Michael: Let me guess…you are kinda busy! How do you balance being a wife, mom and an entrepreneur?

Tara Russell: Life is crazy, but crazy wonderful.  My husband and I both run start-ups, and we have two small kids.  That said, we have built a lifestyle that we feel is healthy and we’ve created rhythms that work for our family in the season we’re in.  We protect our quality time as a family ferociously.  Our kids don’t do a million activities – they go to school part-time and then are at home otherwise for the most part.  We enjoy simple dinners at home, sitting down as a family at the same table, and lots of play time on the weekends and breaks (runs, bike rides, hikes, ski dates, etc.).  My husband and I have learned that we’re both quality time, not quantity time people.  🙂  We’re both fairly independent, but we treasure our time together.  If he’s been traveling or I’ve been traveling, we create a special space to connect, just the two of us, and have some fun together.  As a mother and entrepreneur, I’ve had to be open and flexible to shifting my work schedule in varying seasons of my kids’ lives.  I’m mom first.  When the kids get sick and need me, I reschedule all my plans.  I have had to be really FLUID essentially, and sometimes it means working in the evenings or at night once my kids are down.  But I do work in an office outside the home, and we have a great babysitter that watches the kids a few afternoons a week.  Another afternoon we “kid share” with a family on our team, and one afternoon a week I work from home.
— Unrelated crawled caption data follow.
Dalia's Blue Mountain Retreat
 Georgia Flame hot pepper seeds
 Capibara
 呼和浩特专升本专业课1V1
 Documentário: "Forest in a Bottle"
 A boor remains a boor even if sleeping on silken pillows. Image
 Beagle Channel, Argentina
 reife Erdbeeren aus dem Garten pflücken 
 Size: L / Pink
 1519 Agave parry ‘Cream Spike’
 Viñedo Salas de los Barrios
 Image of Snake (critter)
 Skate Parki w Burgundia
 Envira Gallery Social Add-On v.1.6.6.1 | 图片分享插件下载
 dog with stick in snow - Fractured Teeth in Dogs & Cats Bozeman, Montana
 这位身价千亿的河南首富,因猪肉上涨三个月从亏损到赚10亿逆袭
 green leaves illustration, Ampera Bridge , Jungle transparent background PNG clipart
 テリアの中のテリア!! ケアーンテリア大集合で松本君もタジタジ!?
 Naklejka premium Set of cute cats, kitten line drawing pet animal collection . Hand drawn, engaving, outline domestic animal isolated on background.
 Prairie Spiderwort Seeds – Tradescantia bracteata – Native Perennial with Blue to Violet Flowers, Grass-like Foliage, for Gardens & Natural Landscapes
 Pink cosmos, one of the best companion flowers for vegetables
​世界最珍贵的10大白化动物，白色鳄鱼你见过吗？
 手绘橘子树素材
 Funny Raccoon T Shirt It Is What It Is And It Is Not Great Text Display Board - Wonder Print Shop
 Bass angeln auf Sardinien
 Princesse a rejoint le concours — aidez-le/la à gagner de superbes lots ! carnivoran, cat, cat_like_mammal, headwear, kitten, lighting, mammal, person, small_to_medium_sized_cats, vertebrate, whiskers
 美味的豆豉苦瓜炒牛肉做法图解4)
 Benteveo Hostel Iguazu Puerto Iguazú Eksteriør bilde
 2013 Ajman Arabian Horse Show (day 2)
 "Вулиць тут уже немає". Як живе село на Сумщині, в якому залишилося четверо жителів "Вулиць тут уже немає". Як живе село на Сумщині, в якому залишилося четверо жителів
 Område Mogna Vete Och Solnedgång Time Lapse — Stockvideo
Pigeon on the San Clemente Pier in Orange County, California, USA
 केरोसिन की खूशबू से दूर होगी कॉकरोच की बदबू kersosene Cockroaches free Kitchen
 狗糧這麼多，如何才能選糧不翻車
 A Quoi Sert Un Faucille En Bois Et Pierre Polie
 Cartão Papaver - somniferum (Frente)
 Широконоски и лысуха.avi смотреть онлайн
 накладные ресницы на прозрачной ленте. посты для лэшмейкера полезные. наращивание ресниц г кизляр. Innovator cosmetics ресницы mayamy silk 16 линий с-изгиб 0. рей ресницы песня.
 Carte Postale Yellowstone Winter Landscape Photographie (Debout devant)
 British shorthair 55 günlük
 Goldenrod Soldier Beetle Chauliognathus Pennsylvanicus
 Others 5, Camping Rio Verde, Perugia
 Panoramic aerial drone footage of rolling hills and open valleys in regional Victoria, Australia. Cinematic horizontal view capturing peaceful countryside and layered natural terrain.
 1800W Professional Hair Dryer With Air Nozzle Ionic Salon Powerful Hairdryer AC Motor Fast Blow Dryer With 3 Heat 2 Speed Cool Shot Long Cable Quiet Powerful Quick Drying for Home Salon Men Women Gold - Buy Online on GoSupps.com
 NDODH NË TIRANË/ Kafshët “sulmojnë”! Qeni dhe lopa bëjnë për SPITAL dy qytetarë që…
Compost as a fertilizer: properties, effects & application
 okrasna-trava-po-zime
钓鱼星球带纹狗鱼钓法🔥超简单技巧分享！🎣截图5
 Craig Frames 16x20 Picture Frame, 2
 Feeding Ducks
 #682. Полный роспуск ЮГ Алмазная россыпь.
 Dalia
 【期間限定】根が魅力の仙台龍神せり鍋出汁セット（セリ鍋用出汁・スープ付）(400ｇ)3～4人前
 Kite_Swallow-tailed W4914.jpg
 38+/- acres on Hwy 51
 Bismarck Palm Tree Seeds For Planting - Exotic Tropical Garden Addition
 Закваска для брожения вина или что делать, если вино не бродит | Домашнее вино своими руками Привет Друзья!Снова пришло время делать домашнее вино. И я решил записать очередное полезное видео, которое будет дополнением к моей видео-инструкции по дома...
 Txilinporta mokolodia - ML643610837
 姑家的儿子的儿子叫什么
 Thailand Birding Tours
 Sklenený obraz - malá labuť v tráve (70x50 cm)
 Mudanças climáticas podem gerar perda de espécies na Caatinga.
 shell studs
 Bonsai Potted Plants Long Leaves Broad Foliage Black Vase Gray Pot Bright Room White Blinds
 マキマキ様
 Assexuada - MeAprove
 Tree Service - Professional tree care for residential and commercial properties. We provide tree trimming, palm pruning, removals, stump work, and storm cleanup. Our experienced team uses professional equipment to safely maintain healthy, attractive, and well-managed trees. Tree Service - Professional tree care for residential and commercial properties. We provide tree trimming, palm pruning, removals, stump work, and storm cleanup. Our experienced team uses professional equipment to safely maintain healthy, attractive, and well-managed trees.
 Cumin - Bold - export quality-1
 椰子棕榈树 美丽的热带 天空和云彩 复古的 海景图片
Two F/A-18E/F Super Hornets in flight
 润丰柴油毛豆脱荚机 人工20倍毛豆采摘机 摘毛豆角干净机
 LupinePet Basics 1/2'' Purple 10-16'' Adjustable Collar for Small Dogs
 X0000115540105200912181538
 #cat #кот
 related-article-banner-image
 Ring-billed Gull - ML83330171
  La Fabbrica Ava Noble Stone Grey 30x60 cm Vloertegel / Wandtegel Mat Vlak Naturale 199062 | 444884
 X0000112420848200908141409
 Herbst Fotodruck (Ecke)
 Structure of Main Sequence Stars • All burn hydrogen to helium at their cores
Michael: Name a few books that have really challenged you lately.

Tara Russell: Books…such a good question!  I’ve been reading a bunch lately and loving it.  I loved VENEER: Living Deeply in a Surface Society (written by some friends, Jason Locy and Tim Willard) and I loved Ordering Your Private World (Gordon MacDonald).  Xealots, by Dave Gibbons, is another great read.  And Leading on Empty, by Wayne Cordeiro.  I’m finding it so important to really work on my “inner life” as consciously as my outside, day-to-day world.